● **ASSIGNED TASK**: Write out exactly the lines from the one containing "Salvadoran vs South" through the last line of the records below, and no others.

● **SUPPLIED MATERIAL**:
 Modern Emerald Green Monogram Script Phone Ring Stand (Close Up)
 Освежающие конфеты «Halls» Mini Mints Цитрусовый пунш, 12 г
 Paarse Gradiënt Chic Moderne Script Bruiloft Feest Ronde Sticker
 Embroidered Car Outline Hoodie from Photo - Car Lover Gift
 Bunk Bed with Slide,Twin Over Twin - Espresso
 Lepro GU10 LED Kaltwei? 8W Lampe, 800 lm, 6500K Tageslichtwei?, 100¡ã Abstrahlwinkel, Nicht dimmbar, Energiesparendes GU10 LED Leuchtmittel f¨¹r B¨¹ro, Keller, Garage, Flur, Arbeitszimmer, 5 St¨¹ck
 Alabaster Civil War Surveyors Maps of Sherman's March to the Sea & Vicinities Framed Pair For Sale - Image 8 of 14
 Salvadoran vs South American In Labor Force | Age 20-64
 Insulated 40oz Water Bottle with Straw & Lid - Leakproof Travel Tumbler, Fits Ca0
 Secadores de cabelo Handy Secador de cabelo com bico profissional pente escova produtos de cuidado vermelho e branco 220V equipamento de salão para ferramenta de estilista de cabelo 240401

● **SOLUTION TO THIS EXERCISE**:
 Salvadoran vs South American In Labor Force | Age 20-64
 Insulated 40oz Water Bottle with Straw & Lid - Leakproof Travel Tumbler, Fits Ca0
 Secadores de cabelo Handy Secador de cabelo com bico profissional pente escova produtos de cuidado vermelho e branco 220V equipamento de salão para ferramenta de estilista de cabelo 240401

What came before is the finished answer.